## Assigned task:
All lines from the one holding "Stock Image - Workers" through the last line of the entries below must be transcribed exactly, and no others. Pictures do not go in.

## Records for the task:
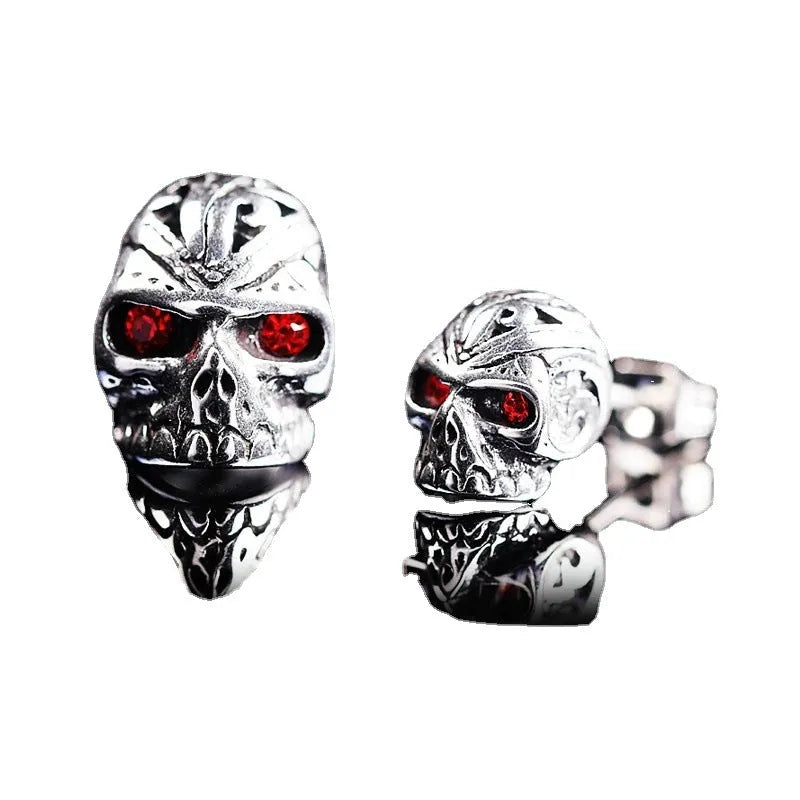 Skull stud earrings with red eye detailing on alloy base with gemstone inlay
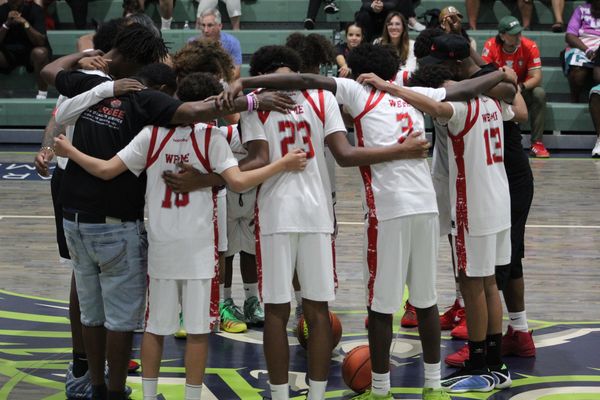 Youth basketball team huddles together on court in white and red uniforms.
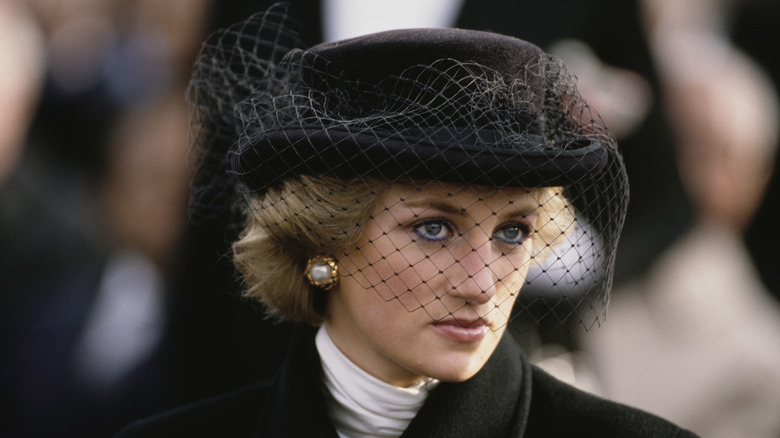 Princess Diana wearing black hat and veil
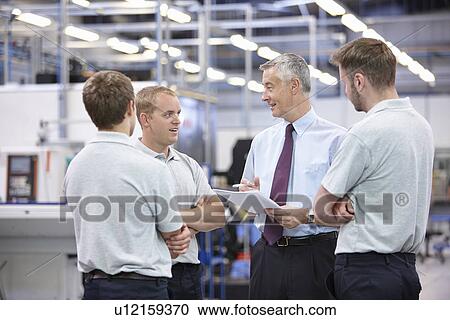 Stock Image - Workers and manager meeting in engineering warehouse. Fotosearch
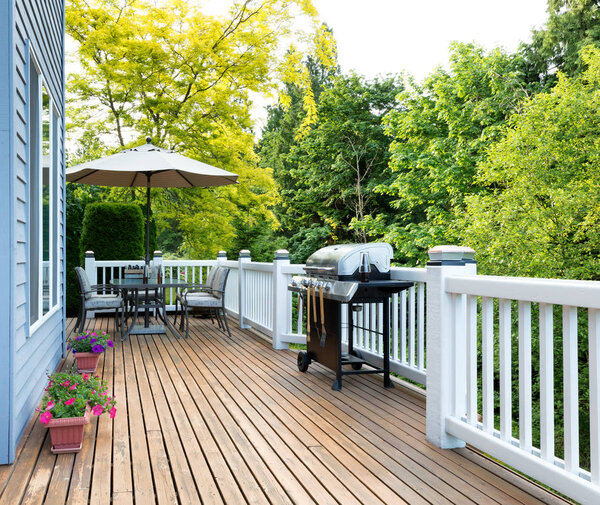 Home deck and patio with outdoor furniture and BBQ cooker with b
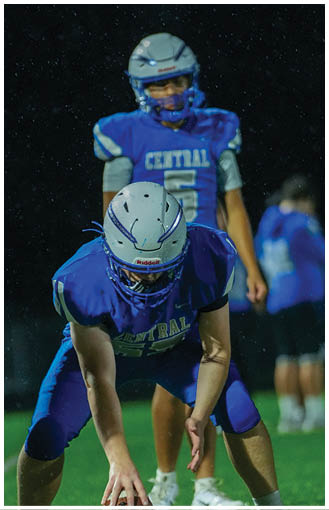 A person wearing a blue football jersey with the number 10 and a white helmet is holding a football and looking to the side during a game. Description generated by AI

## Written response:
 Stock Image - Workers and manager meeting in engineering warehouse. Fotosearch
 Home deck and patio with outdoor furniture and BBQ cooker with b
 A person wearing a blue football jersey with the number 10 and a white helmet is holding a football and looking to the side during a game. Description generated by AI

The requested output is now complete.